CAMP TARIQ, Iraq — The Iraqi military’s advance into Fallujah was stalled Wednesday by fierce resistance from Islamic State fighters and concerns over protecting tens of thousands of civilians still trapped inside the strategic city.
With the operation in its second week, convoys of special forces could only inch forward on the dusty southern outskirts of the city as a handful of airstrikes sent up plumes of white smoke above clusters of low buildings on the fringes of the city’s dense urban terrain.
More than 50,000 people are believed to be still inside Fallujah, and the U.N. estimated that 20,000 of them are children, warning that they face a dire humanitarian situation in addition to the risk of forced recruitment by the extremists.
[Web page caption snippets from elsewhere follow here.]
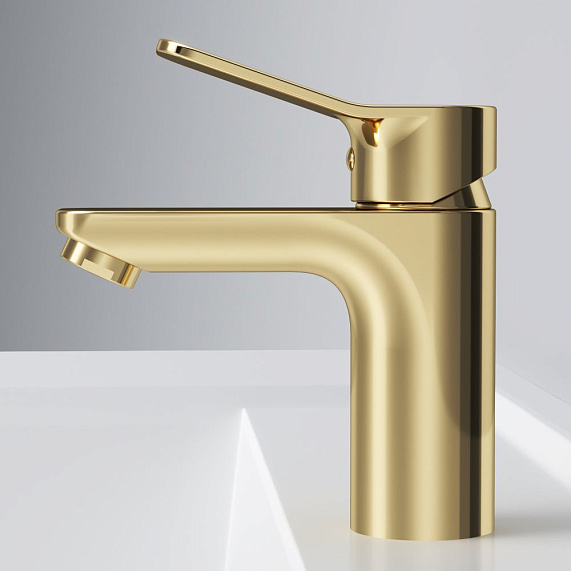 Смеситель для раковины (умывальника) AM.PM X-Joy F85A02199 золото-4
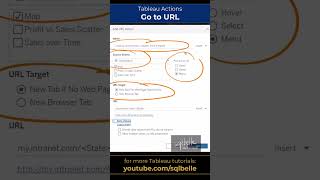#Tableau - Go to URL Action  #tableaututorial #tableautraining #tableautips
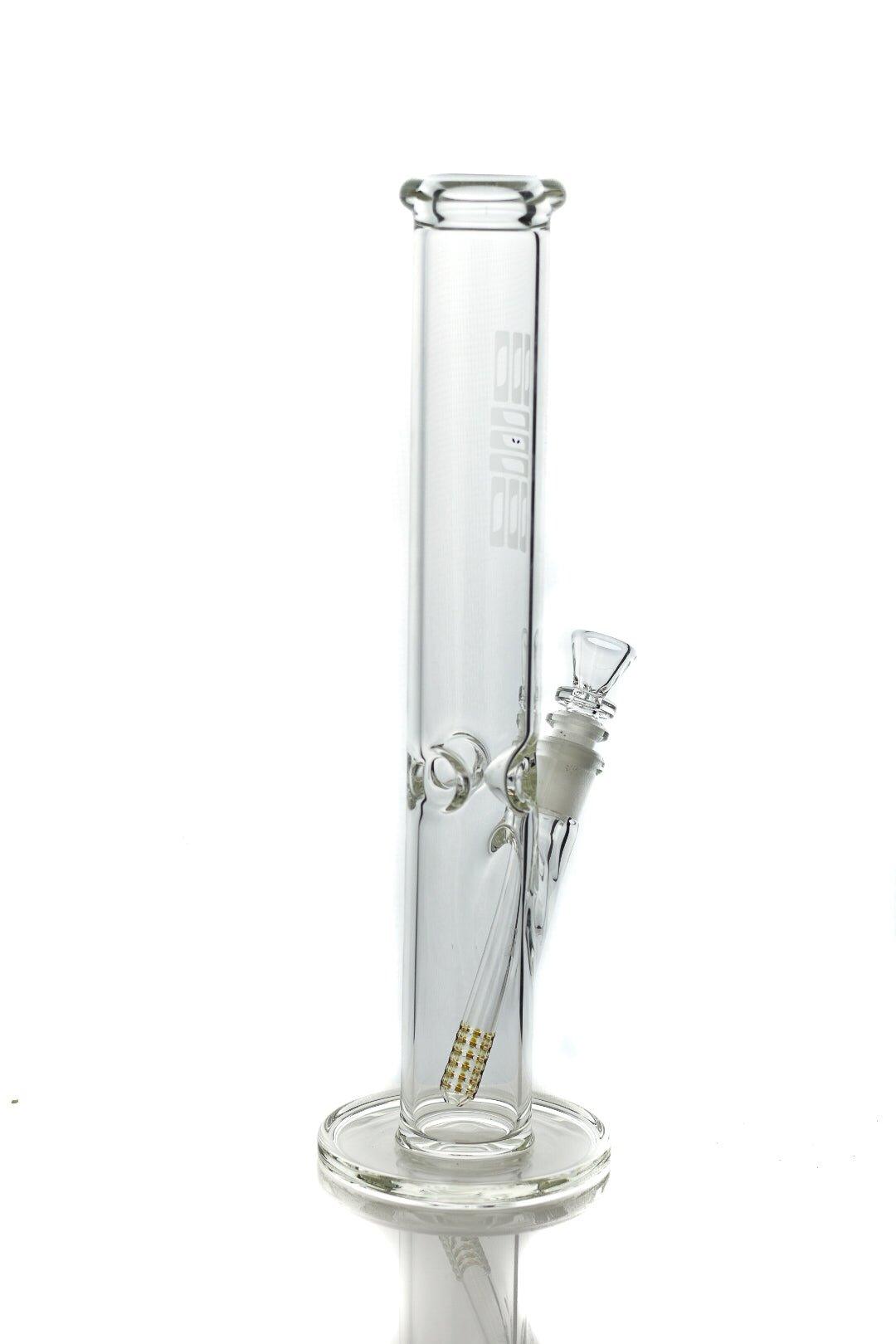 ILL Glass Straight 50 - Large 15" Honey colored Downstemp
In a visit to the front line, Prime Minister Haider al-Abadi noted the slow pace and emphasized the priorities of the operation were protecting civilian lives and minimizing Iraqi casualties, but he praised the progress so far as a “remarkable advance.”
Government troops will “hoist the Iraqi flag inside Fallujah in the coming few days,” vowed al-Abadi, wearing the black fatigues of the counterterrorism force.
The operation to free Fallujah from the more than two-year grip of the Islamic State was launched May 22, and it involves the Iraqi special forces, militias consisting of mainly Shiite fighters, and airstrikes carried out by a U.S.-led coalition.
Retaking the Sunni-majority city 40 miles west of Baghdad would represent a huge victory for the Iraqi government because Fallujah was one of the first major urban areas to fall to the extremists in 2014 and has been a bastion of support for militant anti-government sentiment in Iraq since the 2003 U.S.-led invasion.
A decade earlier, Fallujah was the site of some of the bloodiest urban combat between U.S. forces and al-Qaida in Iraq.